Além dessa fantasia recorrente, há ainda a excessiva vinculação da receita, que obriga vultosos repasses do orçamento federal a estados e municípios e impõe gastos mínimos com educação, saúde, funcionalismo, previdência e outras áreas que, juntas, consomem cerca de 90% de todo o orçamento. O resultado é que o Executivo, na figura do Presidente da República, tem as mãos atadas para realizar despesas discricionárias previstas em seu plano de governo ou atender a urgências impostas por calamidades.
Como a despesa não cabe na receita e é preciso aparentar equilíbrio fiscal, recorre-se a maquiagens contábeis que ocultam a realidade trágica das contas públicas. Artifícios contábeis excluem do cálculo de gastos determinadas rubricas, de modo a simular um equilíbrio inexistente. É assim que se produz um resultado primário irreal, que mascara o quanto andam mal as finanças nacionais.

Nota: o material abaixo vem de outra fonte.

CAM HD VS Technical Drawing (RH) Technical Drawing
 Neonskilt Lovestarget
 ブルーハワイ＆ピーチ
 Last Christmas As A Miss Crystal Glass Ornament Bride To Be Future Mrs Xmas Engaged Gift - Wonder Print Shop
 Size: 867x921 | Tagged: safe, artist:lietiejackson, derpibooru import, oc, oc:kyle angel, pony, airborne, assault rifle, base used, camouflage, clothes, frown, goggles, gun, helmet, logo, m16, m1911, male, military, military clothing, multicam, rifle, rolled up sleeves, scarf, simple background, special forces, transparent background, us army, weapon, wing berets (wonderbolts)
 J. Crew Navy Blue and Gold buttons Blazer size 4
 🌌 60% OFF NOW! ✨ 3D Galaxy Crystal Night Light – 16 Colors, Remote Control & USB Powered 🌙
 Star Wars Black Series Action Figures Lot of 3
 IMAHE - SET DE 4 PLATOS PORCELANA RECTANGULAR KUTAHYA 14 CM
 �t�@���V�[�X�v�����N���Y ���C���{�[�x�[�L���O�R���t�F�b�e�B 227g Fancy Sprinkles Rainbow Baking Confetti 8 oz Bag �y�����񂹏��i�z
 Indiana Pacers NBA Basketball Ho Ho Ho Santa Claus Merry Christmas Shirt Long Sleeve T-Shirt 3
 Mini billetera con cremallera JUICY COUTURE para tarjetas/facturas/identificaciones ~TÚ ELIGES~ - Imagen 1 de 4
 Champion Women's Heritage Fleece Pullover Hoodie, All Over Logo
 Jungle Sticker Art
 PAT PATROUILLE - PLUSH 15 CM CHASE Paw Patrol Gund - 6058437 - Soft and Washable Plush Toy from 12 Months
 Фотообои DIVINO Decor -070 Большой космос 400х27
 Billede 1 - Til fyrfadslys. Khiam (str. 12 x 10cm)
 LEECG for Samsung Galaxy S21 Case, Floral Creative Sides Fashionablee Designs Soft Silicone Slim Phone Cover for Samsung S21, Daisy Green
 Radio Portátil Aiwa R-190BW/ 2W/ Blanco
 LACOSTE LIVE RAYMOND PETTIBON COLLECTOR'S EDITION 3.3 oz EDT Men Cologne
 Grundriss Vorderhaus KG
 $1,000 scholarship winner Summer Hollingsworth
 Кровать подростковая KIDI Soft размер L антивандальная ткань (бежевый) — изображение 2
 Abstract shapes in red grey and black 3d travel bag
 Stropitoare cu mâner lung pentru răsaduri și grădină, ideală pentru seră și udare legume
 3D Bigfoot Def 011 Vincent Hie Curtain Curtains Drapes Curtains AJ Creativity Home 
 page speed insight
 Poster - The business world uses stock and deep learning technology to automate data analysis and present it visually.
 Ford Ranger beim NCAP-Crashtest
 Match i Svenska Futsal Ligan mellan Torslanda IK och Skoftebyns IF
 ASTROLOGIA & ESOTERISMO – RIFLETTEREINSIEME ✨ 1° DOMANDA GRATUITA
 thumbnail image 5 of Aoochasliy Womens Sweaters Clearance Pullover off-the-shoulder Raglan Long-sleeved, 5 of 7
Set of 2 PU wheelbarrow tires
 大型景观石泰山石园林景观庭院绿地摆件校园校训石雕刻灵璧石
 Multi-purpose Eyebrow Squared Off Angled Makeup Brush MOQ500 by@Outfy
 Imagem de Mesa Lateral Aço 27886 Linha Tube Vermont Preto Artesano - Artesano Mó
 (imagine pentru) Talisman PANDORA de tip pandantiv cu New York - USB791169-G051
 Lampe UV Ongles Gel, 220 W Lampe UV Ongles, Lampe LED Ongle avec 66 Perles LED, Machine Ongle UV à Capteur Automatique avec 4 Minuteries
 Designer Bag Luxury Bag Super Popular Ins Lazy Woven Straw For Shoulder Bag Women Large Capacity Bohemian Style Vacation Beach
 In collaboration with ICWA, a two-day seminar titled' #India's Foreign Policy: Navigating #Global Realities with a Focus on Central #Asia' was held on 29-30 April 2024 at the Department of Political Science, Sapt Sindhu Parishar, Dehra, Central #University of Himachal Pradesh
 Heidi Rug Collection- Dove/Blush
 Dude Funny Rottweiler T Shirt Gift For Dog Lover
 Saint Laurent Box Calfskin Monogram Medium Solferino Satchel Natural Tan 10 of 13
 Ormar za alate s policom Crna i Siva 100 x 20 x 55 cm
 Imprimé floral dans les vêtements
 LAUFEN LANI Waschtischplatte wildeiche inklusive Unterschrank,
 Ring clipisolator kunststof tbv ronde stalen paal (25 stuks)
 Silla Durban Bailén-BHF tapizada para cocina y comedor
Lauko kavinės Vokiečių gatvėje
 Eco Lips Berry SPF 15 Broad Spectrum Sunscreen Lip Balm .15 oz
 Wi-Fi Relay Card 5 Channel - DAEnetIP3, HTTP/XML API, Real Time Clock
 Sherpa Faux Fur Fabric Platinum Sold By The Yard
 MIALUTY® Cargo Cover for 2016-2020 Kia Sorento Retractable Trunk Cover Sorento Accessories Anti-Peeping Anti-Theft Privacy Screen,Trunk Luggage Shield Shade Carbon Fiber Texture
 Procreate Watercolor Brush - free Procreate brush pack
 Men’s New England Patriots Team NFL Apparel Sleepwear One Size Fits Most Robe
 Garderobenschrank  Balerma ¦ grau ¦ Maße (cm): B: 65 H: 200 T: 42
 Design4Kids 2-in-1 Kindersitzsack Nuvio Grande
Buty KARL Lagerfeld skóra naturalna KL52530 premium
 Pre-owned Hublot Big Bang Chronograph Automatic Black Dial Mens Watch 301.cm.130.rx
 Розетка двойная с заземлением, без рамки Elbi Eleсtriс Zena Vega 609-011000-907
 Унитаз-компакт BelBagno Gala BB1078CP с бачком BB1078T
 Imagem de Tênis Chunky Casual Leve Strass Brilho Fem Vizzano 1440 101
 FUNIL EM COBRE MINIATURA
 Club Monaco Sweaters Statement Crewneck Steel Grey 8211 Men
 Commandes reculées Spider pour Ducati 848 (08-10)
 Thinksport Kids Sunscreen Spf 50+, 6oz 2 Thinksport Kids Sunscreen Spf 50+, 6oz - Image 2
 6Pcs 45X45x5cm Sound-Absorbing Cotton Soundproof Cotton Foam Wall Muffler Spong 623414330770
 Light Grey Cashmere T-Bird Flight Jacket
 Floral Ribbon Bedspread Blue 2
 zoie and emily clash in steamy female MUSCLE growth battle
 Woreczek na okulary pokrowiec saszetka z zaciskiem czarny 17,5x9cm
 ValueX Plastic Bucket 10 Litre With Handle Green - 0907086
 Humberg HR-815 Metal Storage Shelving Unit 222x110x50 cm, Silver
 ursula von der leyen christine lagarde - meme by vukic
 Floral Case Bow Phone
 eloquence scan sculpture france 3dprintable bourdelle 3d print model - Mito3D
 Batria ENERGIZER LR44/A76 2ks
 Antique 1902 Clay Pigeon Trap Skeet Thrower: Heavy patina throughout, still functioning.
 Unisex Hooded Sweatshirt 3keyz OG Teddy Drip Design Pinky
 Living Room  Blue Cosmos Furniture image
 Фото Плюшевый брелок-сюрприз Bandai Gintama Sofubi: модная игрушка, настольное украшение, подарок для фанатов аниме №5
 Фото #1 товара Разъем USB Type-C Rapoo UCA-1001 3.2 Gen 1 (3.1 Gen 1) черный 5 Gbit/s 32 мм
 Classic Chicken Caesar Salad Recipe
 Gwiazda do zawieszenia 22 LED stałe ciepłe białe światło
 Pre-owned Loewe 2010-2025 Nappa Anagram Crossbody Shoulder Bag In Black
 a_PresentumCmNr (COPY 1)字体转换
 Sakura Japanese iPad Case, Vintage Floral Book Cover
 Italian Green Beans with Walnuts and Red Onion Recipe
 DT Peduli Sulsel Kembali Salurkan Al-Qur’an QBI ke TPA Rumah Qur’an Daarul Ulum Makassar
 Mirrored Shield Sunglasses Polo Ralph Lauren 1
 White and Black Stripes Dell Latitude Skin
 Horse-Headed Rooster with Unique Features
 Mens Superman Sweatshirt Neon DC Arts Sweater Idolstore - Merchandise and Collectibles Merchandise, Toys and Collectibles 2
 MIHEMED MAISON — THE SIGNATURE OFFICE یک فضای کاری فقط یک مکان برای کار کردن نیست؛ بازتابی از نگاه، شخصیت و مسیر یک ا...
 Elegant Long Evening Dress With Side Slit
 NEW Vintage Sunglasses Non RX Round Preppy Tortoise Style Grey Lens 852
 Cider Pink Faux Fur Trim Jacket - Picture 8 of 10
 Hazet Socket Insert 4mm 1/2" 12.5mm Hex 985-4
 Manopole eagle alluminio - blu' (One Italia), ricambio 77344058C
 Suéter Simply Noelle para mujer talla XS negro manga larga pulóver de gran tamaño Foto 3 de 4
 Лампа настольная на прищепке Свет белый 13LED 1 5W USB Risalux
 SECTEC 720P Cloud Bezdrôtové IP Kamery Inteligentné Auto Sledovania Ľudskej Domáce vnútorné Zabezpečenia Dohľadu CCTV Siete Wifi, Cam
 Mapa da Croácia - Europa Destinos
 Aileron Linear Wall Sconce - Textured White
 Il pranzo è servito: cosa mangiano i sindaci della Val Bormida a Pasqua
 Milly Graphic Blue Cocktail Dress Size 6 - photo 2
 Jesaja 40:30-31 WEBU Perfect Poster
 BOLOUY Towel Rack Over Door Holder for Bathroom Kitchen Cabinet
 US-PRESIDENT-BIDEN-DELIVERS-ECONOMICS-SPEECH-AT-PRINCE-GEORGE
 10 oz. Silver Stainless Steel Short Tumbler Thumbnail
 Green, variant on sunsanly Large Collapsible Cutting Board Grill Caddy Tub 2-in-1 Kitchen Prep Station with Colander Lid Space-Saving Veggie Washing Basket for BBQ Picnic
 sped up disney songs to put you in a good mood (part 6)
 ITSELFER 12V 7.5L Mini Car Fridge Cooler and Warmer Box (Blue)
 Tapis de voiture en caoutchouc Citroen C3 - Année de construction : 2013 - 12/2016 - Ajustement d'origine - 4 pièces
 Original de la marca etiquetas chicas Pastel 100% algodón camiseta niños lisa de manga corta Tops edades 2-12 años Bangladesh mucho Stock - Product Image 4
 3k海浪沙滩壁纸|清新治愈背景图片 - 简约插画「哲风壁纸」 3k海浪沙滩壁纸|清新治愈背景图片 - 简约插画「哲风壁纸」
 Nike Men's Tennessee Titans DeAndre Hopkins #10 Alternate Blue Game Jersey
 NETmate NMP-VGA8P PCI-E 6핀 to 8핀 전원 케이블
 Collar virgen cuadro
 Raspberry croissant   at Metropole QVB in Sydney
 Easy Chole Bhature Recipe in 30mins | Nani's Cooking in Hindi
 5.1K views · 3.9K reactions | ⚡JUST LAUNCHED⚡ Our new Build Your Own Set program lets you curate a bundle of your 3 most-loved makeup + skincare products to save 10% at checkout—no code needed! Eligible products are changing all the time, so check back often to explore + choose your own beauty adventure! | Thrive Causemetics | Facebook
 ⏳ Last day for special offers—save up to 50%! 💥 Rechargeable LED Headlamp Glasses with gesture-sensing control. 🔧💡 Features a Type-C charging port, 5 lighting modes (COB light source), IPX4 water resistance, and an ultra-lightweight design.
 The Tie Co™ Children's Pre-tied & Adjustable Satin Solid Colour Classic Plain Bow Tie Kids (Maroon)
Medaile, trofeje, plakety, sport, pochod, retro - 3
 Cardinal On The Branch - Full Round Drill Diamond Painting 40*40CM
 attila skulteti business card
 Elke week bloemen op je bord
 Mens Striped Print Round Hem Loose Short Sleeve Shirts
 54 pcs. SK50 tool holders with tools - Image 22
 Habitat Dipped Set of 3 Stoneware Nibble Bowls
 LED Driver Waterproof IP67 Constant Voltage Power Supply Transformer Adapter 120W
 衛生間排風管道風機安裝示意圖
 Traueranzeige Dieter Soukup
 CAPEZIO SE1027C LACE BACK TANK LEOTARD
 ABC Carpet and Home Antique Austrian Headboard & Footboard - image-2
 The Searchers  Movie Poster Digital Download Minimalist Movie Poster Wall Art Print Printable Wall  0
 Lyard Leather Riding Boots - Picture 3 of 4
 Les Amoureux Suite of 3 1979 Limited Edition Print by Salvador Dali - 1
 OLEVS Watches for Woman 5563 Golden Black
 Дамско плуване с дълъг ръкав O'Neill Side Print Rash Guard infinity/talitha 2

Condição tão importante para a vida de um país que Álvaro Cunhal, líder do Partido Comunista Português, recomendou em um pequeno livro que adquiri em Lisboa, entre outras medidas urgentes, a recuperação econômica. No VII Congresso Extraordinário do PCP, em abril de 1974, ele alertava que, com a economia estagnada, a ausência de investimentos, a súbita redução das remessas dos emigrantes, o recuo do turismo e o esgotamento iminente das reservas deixadas pela ditadura, os déficits no orçamento, na balança comercial e na balança de pagamentos punham em risco a estabilidade econômica do país. Por óbvio, tal fragilidade comprometia a sustentabilidade do novo regime político em fase de implantação.
Fica claro, portanto, que os pilares da macroeconomia não distinguem ideologia. Governos de qualquer orientação dependem de contas públicas sólidas para manter estabilidade e credibilidade.
Por fim, e para reafirmar a importância do orçamento como instrumento de gestão, vale lembrar que, em sistemas parlamentaristas, a rejeição do orçamento pelo parlamento implica na destituição do governo e na convocação de novas eleições — sinal inequívoco de que o orçamento é, antes de tudo, um instrumento central de governabilidade.